Branding Texas
A number of media outlets (The Texas Tribune, the Texas Observer and Texas Monthly) do an adequate, occasionally extraordinary job, of aggregating the most important state news for readers. We follow it all, including the state’s leading network affiliates, its metropolitan newspapers and quite a few of its scrappy local newspapers.
What we intend with this occasional Branding Texas report is to keep an eye on the Lone Star State’s reputation outside its borders – catching and alerting you to how Texas is perceived and positioned in media and among influencers outside the state and noting, too, what happens “out there” that may be coming here where we live … inside the Lone Star State we love.
While on the subject of Texas media, here’s one to watch: The 19th is a new nonprofit news organization that focuses on how women shape and view news and policy. NPR’s Sarah McCammon speaks with co-founder Emily Ramshaw, formerly of the Texas Tribune. Emily’s a friend whom I admire greatly and one who is sure to succeed on the national stage.
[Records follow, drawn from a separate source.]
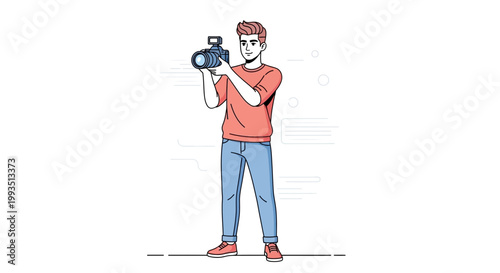 Young Man Holding Camera, Filming or Photographing, Vector Illustration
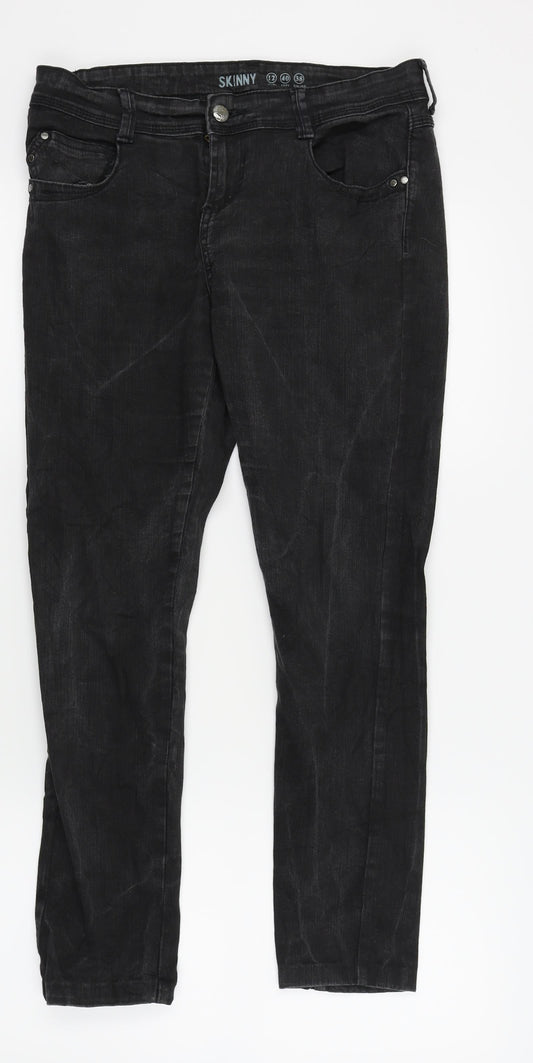 DENIM AND CO Womens Black   Skinny Jeans Size 12 L26 in
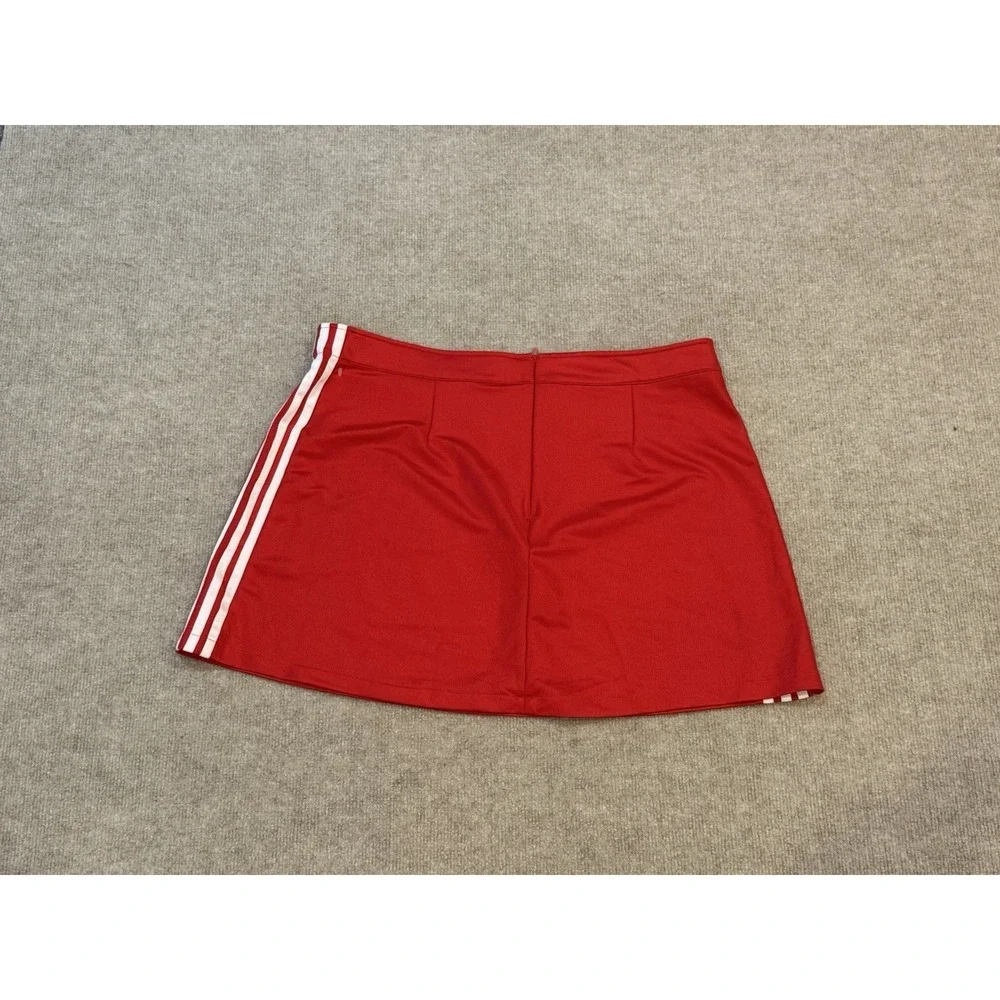 Adidas Originals Mini Skirt Red White Stripes Trefoil NWOT Women Size XL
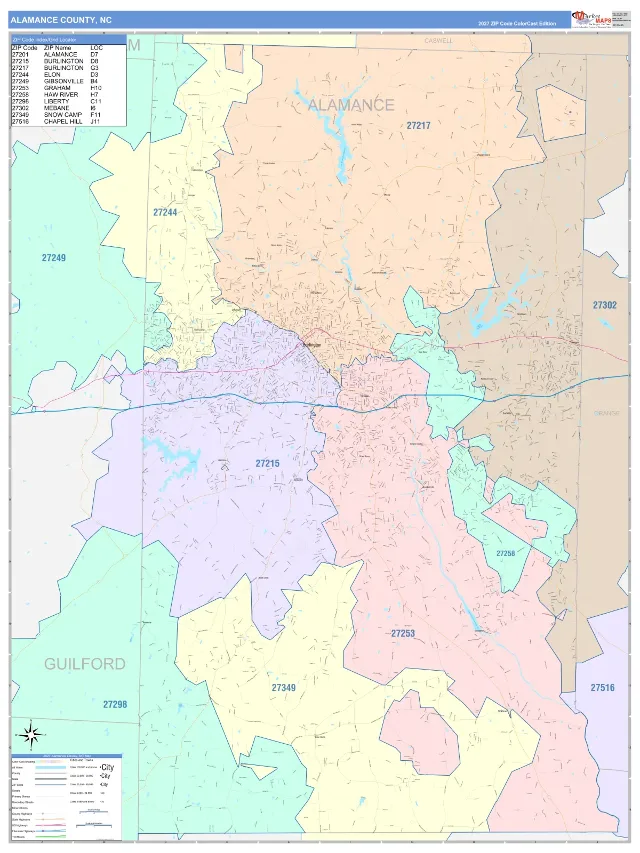 Alamance County, NC ZIP Code Wall Map, ColorCast style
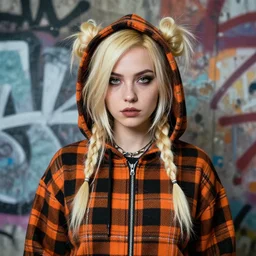 highly detailed portrait of a sewer punk lady, tartan hoody, blonde ringlet hair by atey ghailan, by greg rutkowski, by greg tocchini, by james gilleard, by joe fenton, by kaethe butcher, gradient orange, black, blonde cream and white color scheme, grunge aesthetic!!! ( ( graffiti tag wall background ) )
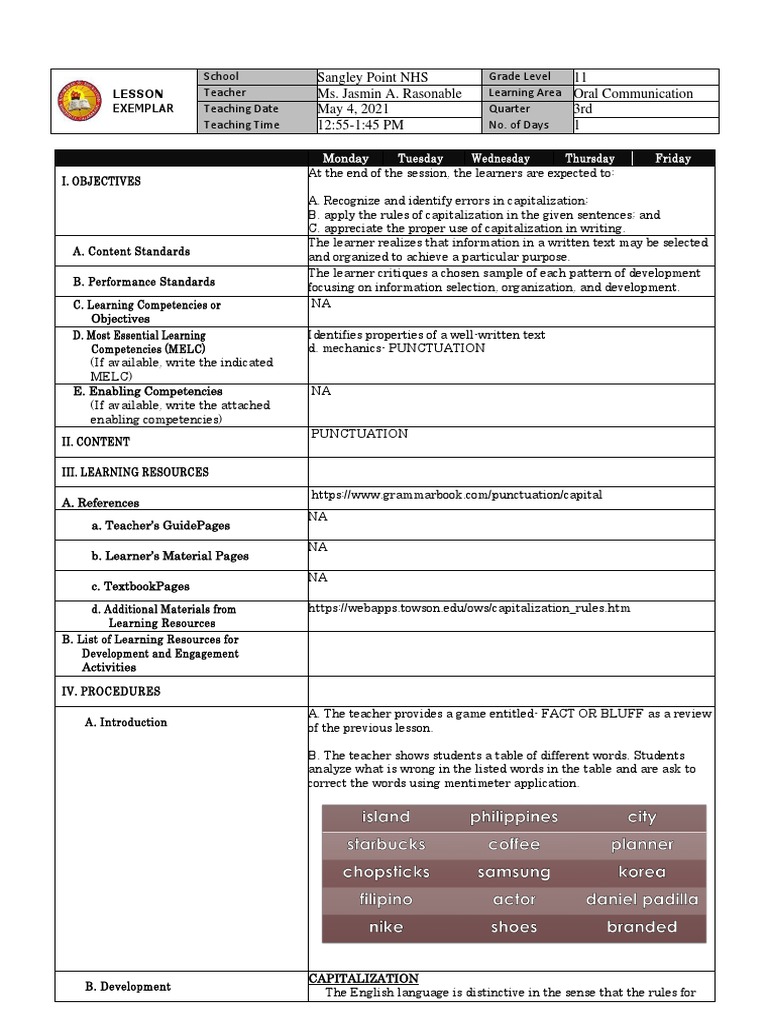 Reading and Writing Lesson Exemplar PDF Learning Teachers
We hope you find our periodic reports useful.
Thomas Graham
TEXAS IN SUPER BOWL LIV: Congratulations to Kansas City Chiefs and Patrick Mahomes!
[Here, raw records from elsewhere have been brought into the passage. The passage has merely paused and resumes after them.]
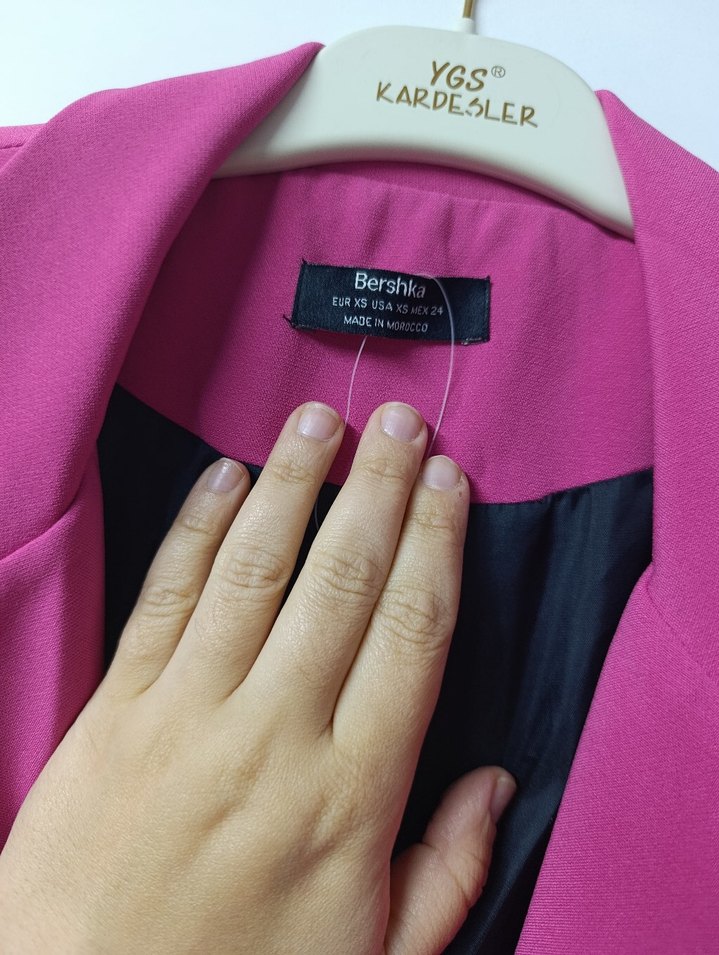 Pembe Siyah Mini Düğmeli Kadın Blazer Ceket - Görsel 3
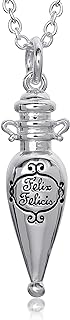 Felix Felicis Potion Silver-Plated Necklace with Lobster-Claw Clasp for Harry Potter Fans, Potion Bottle Design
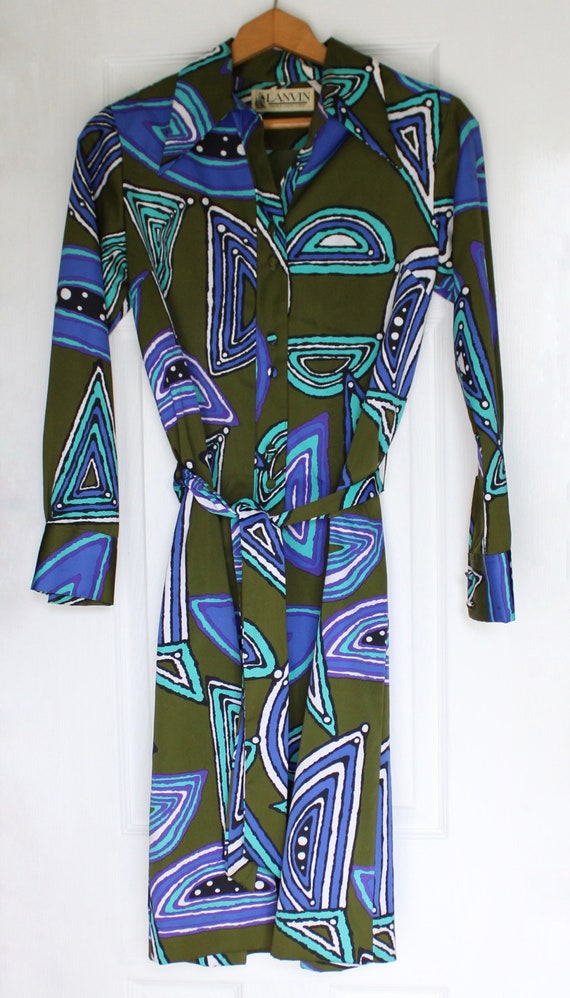 1970s LANVIN Dress. Mod Geometric Design. LANVIN … - image 1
While most national media point to Tyler as the home of native Texan and Texas Tech alumni Patrick Mahomes, whose fourth-quarter exploits led the Kansas City Chiefs to its first Super Bowl victory in 50 years, he’s actually from a small town near Tyler.
Whitehouse, Texas is a burgeoning metropolis of some 7,600 residents and whose chamber of commerce executive has turned the Whitehouse Wildcats into the Whitehouse Chiefs to take full advantage of the city’s now most well-known son. As a senior at Whitehouse High School, Mahomes played football, baseball and basketball. In football, he had 4,619 passing yards, 50 passing touchdowns, 948 rushing yards and 15 rushing touchdowns as a senior. In baseball, he threw a no-hitter with 16 strikeouts in a game his senior year.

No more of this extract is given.